'''

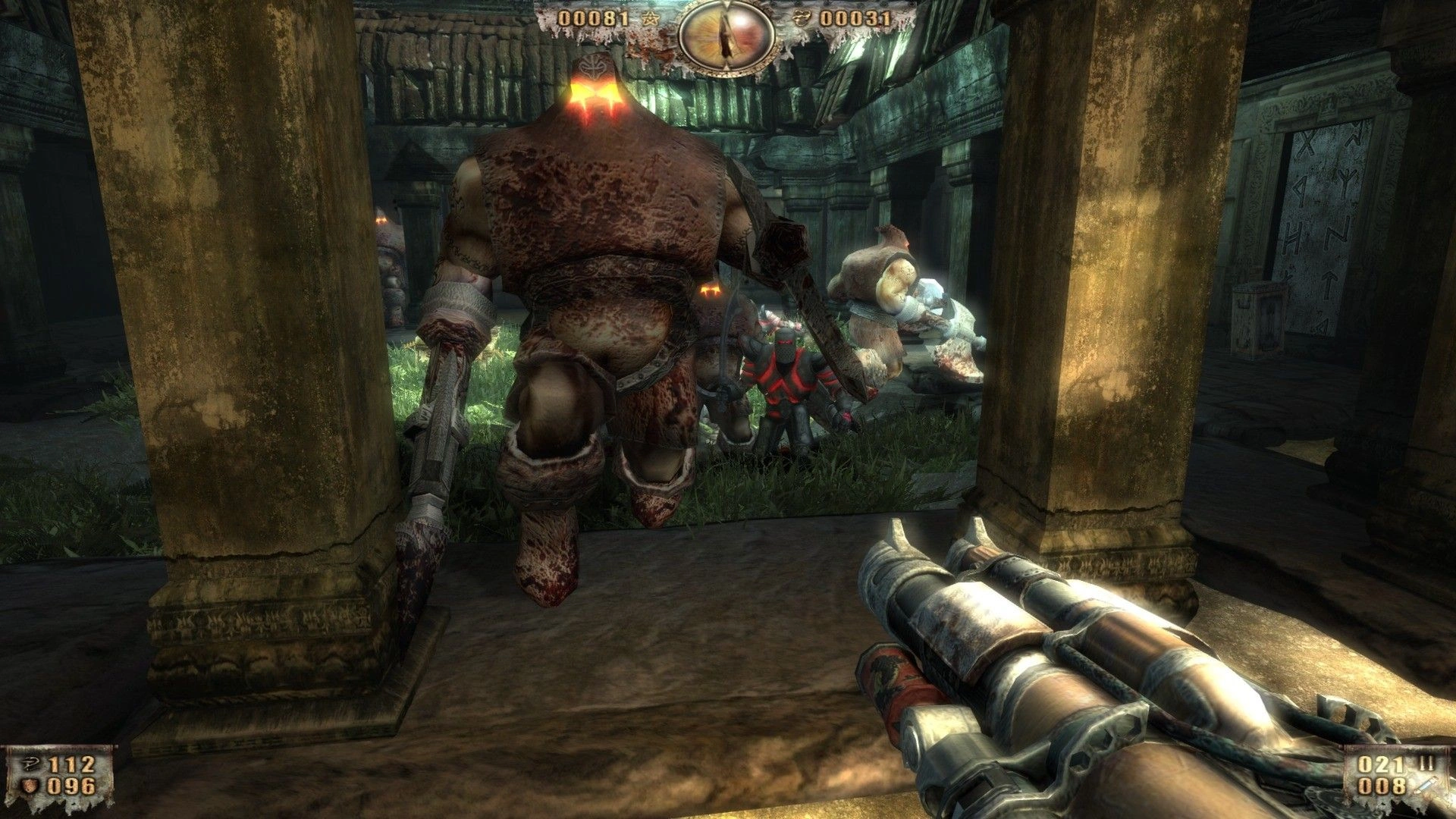 Painkiller Recurring Evil Painkiller Recurring Evil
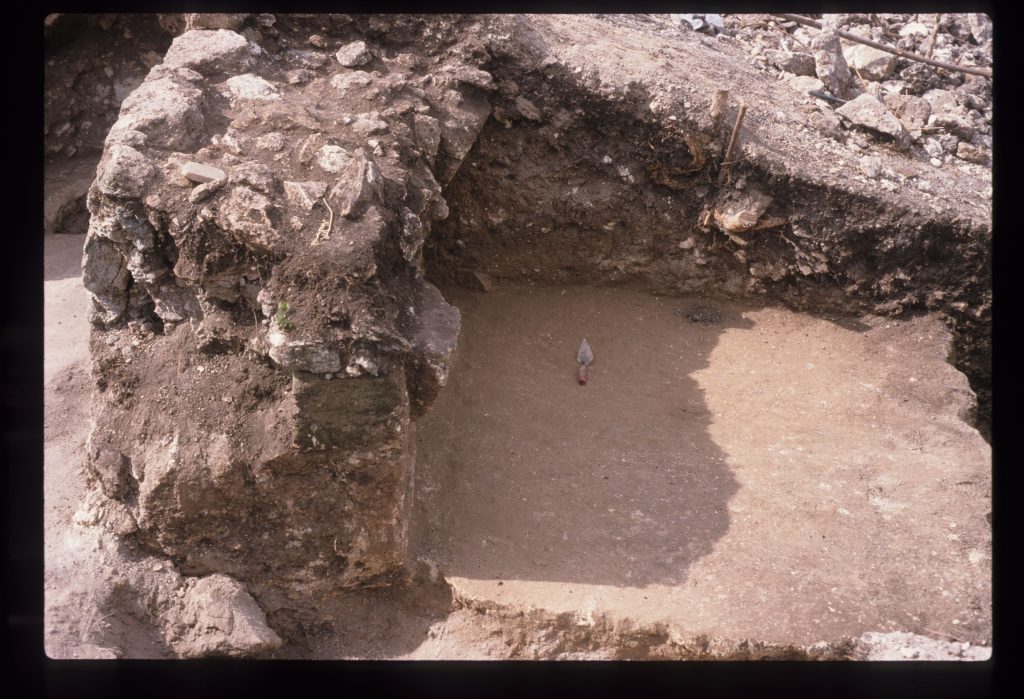 Excavation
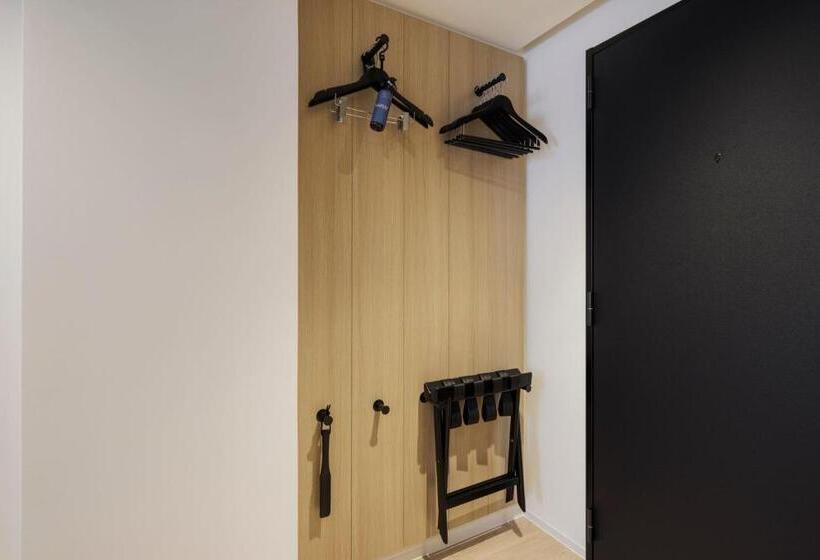 带大床的标准间, Fairfield By Marriott Wakayama Kumano Kodo Susami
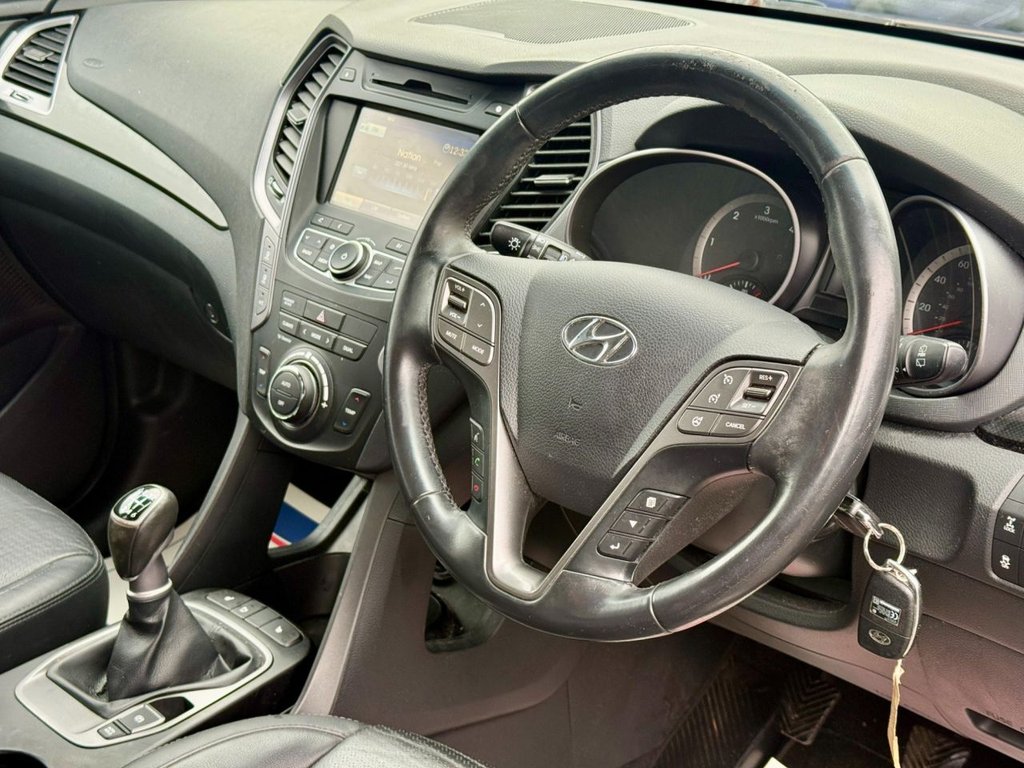 Used Hyundai Santa Fe 2014 for sale - 77212661: Photo 10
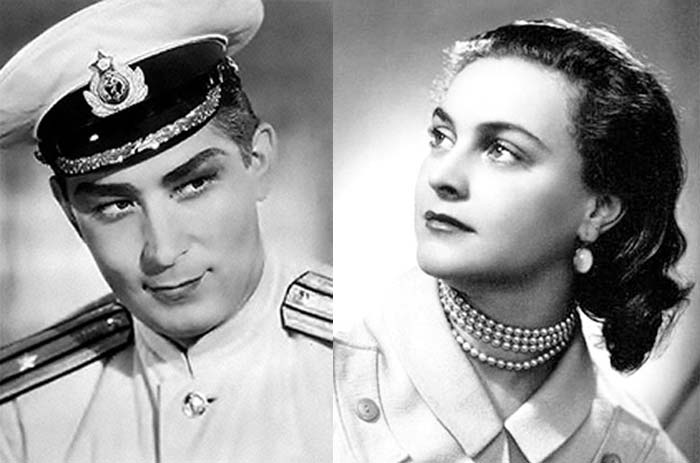 Короткая слава и счастье с третьей попытки красавицы с аристократической внешнос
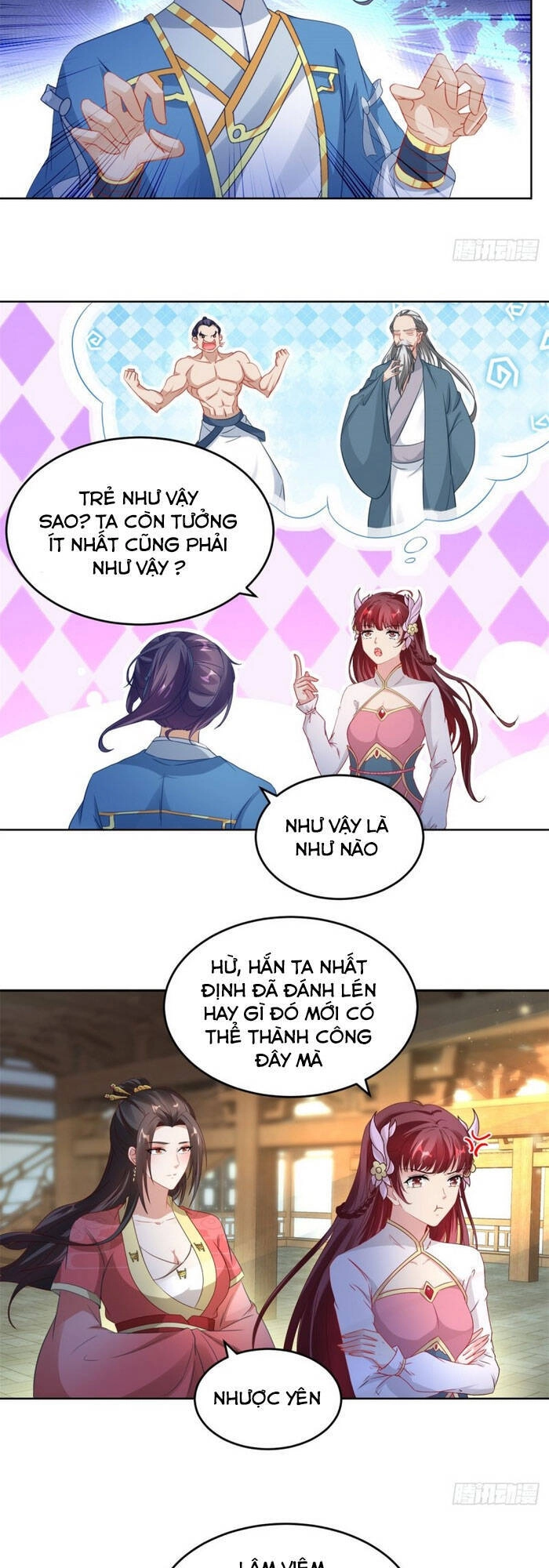 Thần Hồn Võ Đế Chapter 73 - 5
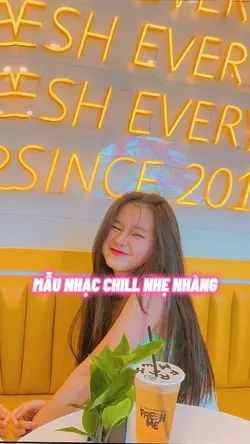Mẫu nhạc chill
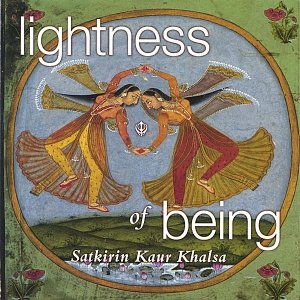 'Lightness of Being' için resim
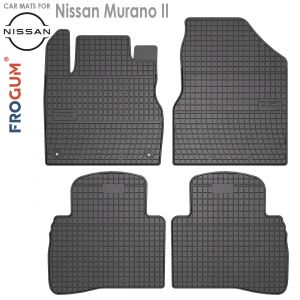 Коврики салона Nissan Murano II Frogum (Польша) - арт 410732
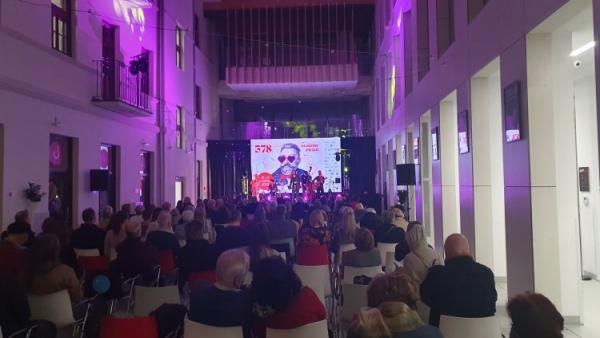 Inauguracja Urodzin Pragi: muzyka, współpraca i rozmowy o dzielnicy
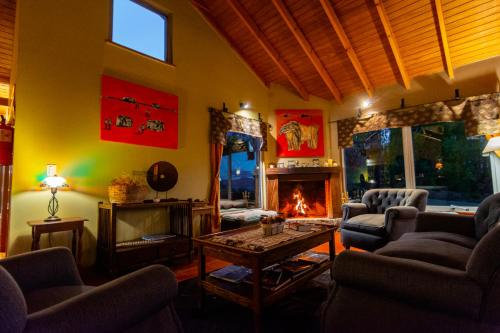 El Galpón del Glaciar (El Galpon del Glaciar) in 에스탄시아 알리세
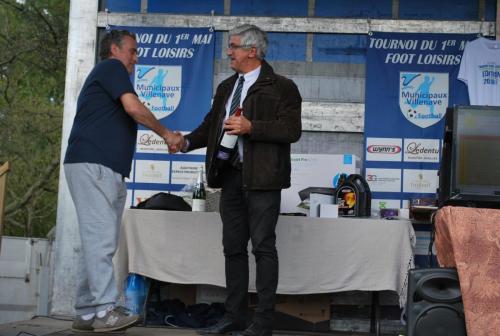 photos tournoi CS Municipaux Villenave 2018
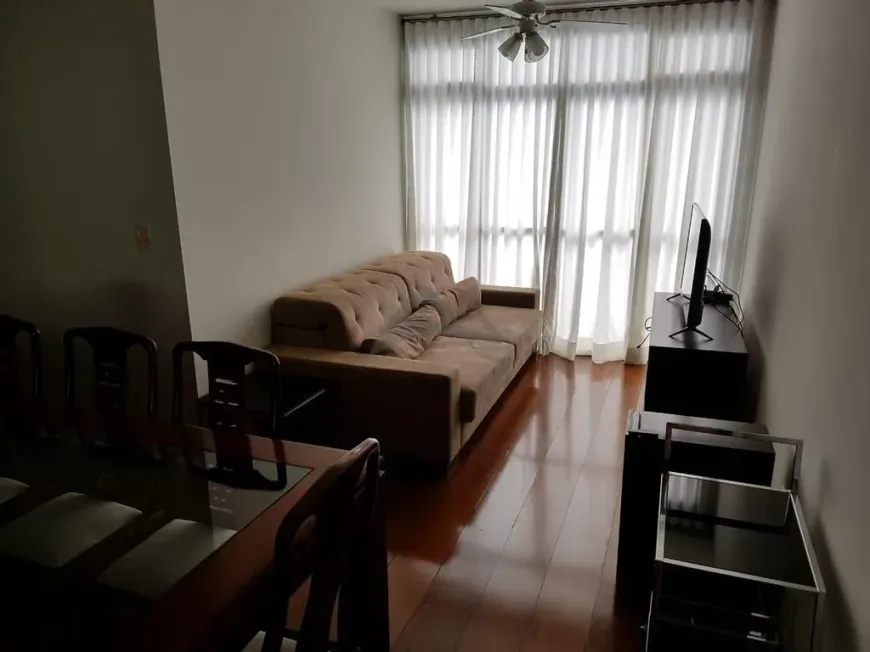 Foto 1 de Apartamento com 3 Quartos à venda, 107m² em Cambuí, Campinas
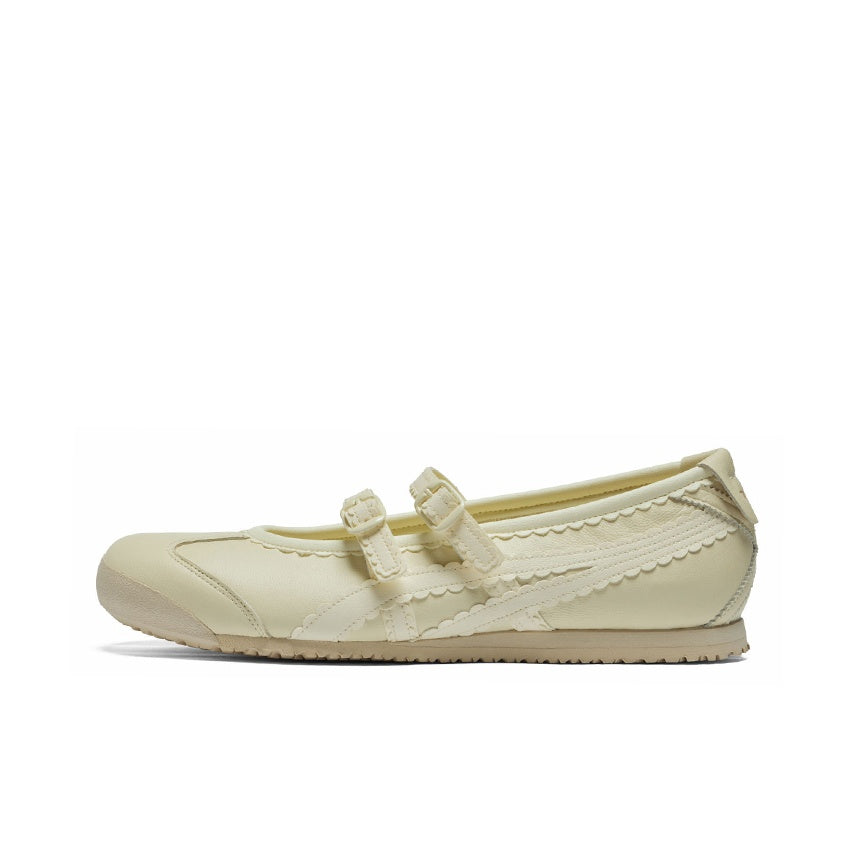 Onitsuka Tiger Mexico 66 TGRS – Ballet-Inspired Lifestyle Sneaker | Cream | Women’s | 1182A660-752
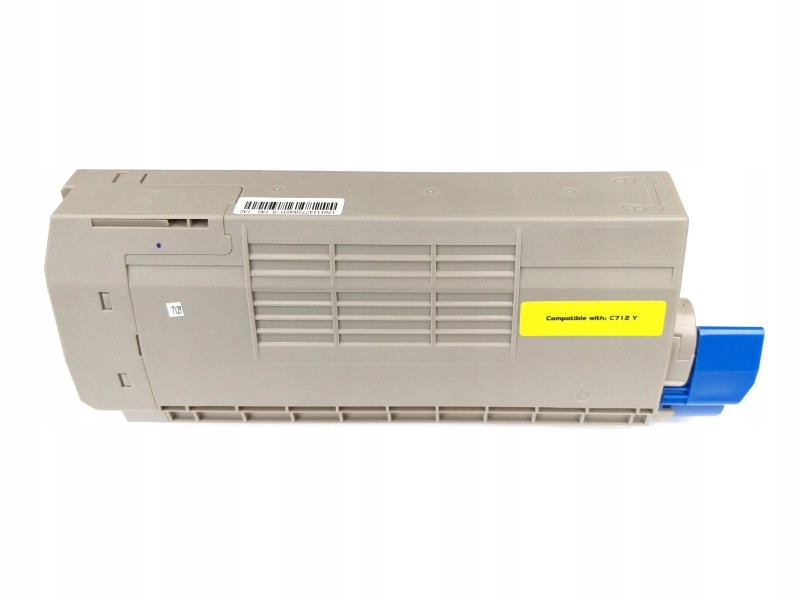 Tonerová kazeta kompatibilní s Oki 46507613 žlutá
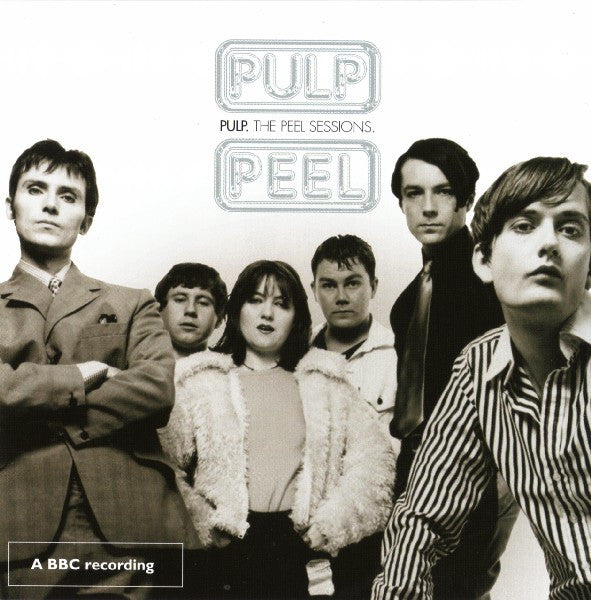 Pulp : The Peel Sessions (2xCD, Album)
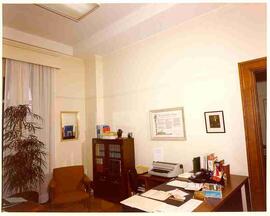 John Diefenbaker's office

'''

Work required
If a picture falls within the lines from the one containing "photos tournoi CS Municipaux Villenave 2018" through the end of the material, leave it out while repeating those lines exactly.

Result of this task
 photos tournoi CS Municipaux Villenave 2018
 Foto 1 de Apartamento com 3 Quartos à venda, 107m² em Cambuí, Campinas
 Onitsuka Tiger Mexico 66 TGRS – Ballet-Inspired Lifestyle Sneaker | Cream | Women’s | 1182A660-752
 Tonerová kazeta kompatibilní s Oki 46507613 žlutá
 Pulp : The Peel Sessions (2xCD, Album)
 John Diefenbaker's office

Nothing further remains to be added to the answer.